The factual basis certainly exists. At every stage of a pregnancy, abortion
is always safer for the pregnant woman than remaining pregnant in terms of
mortality and morbidity. According to statistics I recently researched, forcing
a woman to remain pregnant rather than have an early term abortion increases
her risk of death almost 100 times. Forcing a woman to remain pregnant
rather than have a late term abortion increases her risk of death almost 10 times.
One problem, however, with applying common law justifications in a world in
which a fetus were a "person" is that justifications in most states and at
common law do not allow someone to save his or her own life by killing an
innocent third party. As quoted in footnote 2 of People v. Anderson, 28 Cal.4th
"See also Perkins and Boyce, Criminal Law (3d ed. 1982) chapter 9, section
2, page 1058 ('For the most part today, as at common law, one is not excused
for the intentional killing of an obviously innocent person, even if it was
necessary to save oneself from death.'); LaFave, Criminal Law (3d ed. 2000)
section 5.3(b), pages 468-469; Annotation, Coercion, Compulsion, or Duress as
Defense to Criminal Prosecution (1955) 40 A.L.R.2d 908, 909 ('[I]t appears to be
generally accepted that coercion or duress may be a defense to all crimes
except taking the life of an innocent person'); U.S. v. LaFleur (9th Cir. 1991)

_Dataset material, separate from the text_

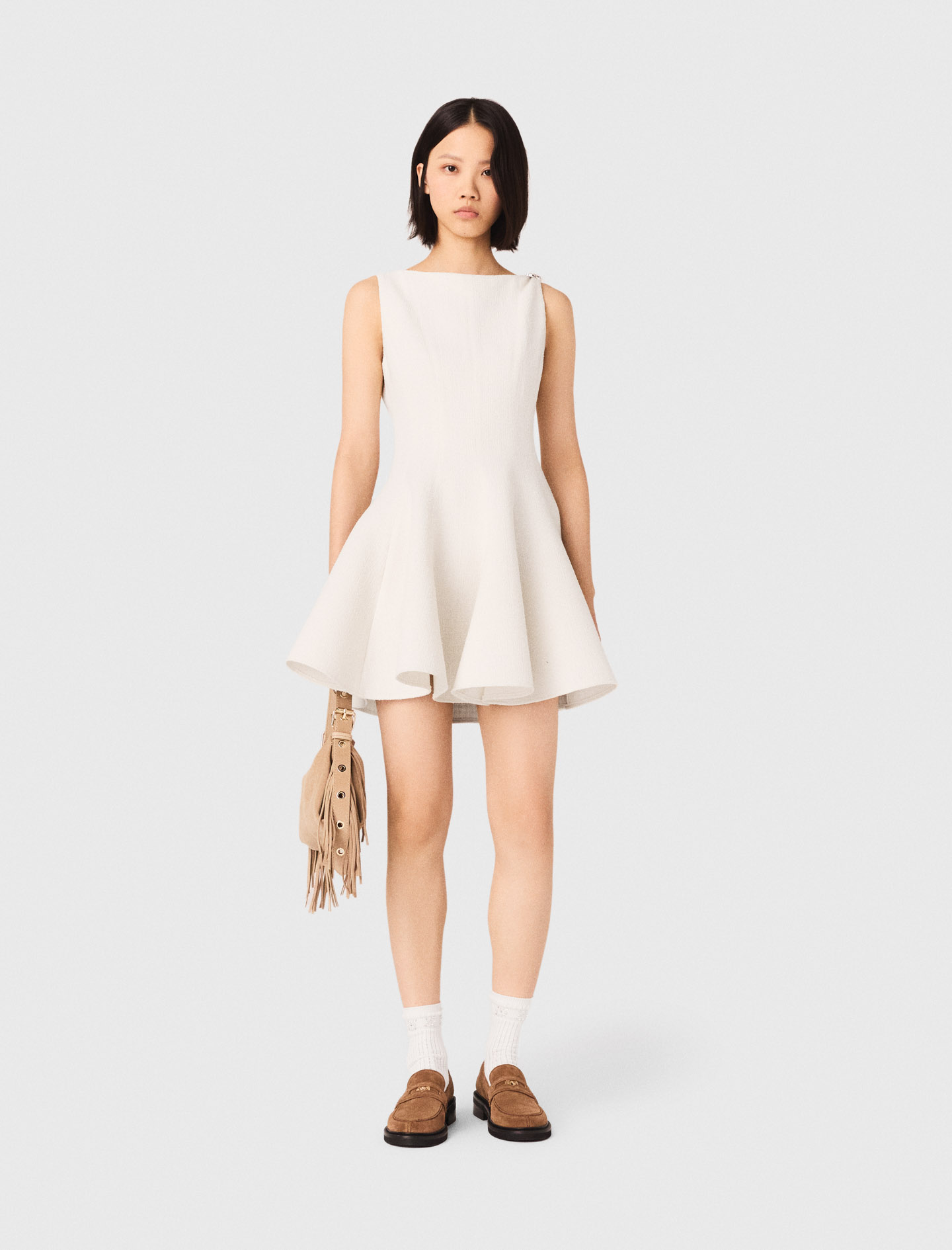 Жіноча молочна твідова сукня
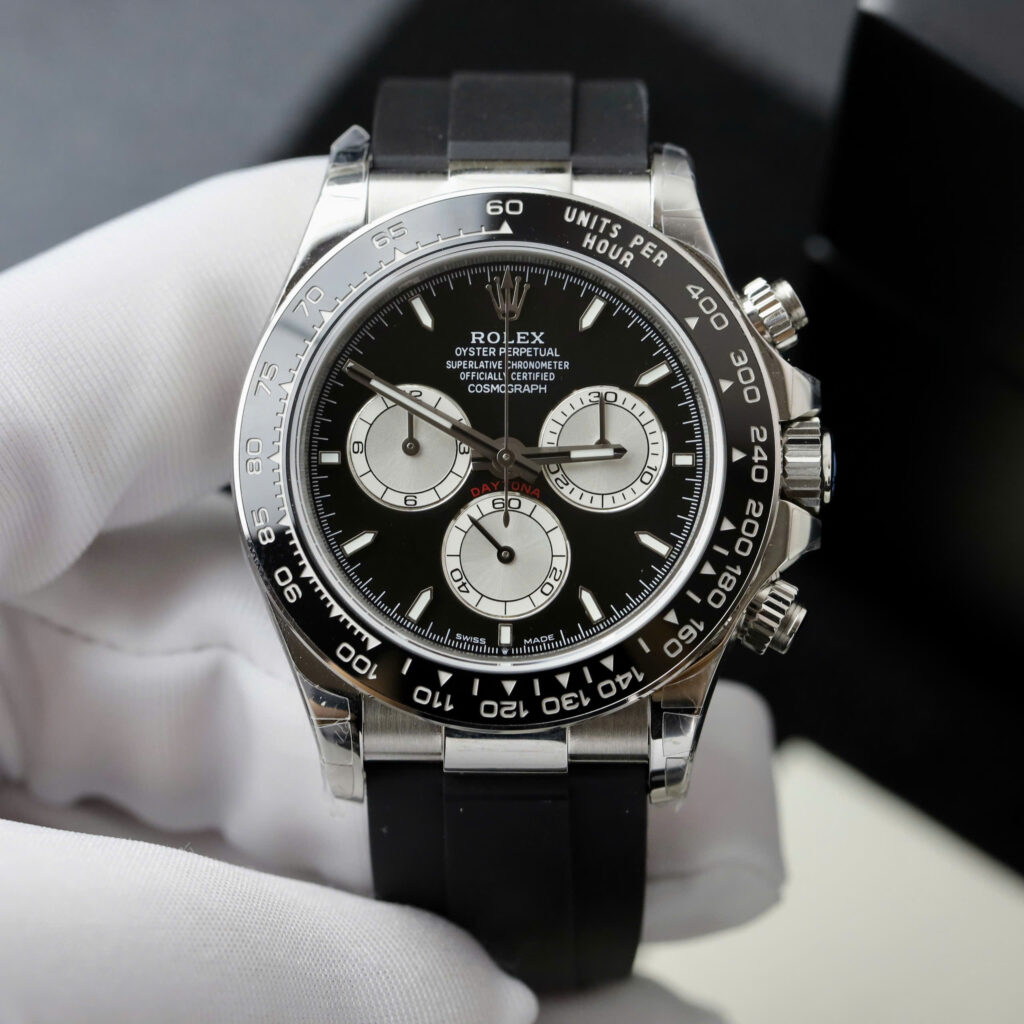 Đồng hồ Rolex Daytona Fake 11 mặt đen máy cơ Thụy Sỹ dây cao su 40mm (6)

971 F.2d 200, 205, and cases cited." Full text of People v. Anderson
As the California Supreme Court went on to note in that case, however: "A
state may, of course, modify the common law rule by statute. The Model Penal
Code, for example, does not exclude murder from the duress defense."
If a state can modify its duress defense to allow someone to kill an
innocent third party in response to a threat of death, why couldn't a state modify
its self-defense laws to allow a woman to kill a "person" in her own body who
is increasing her risk of death by one or two orders of magnitude?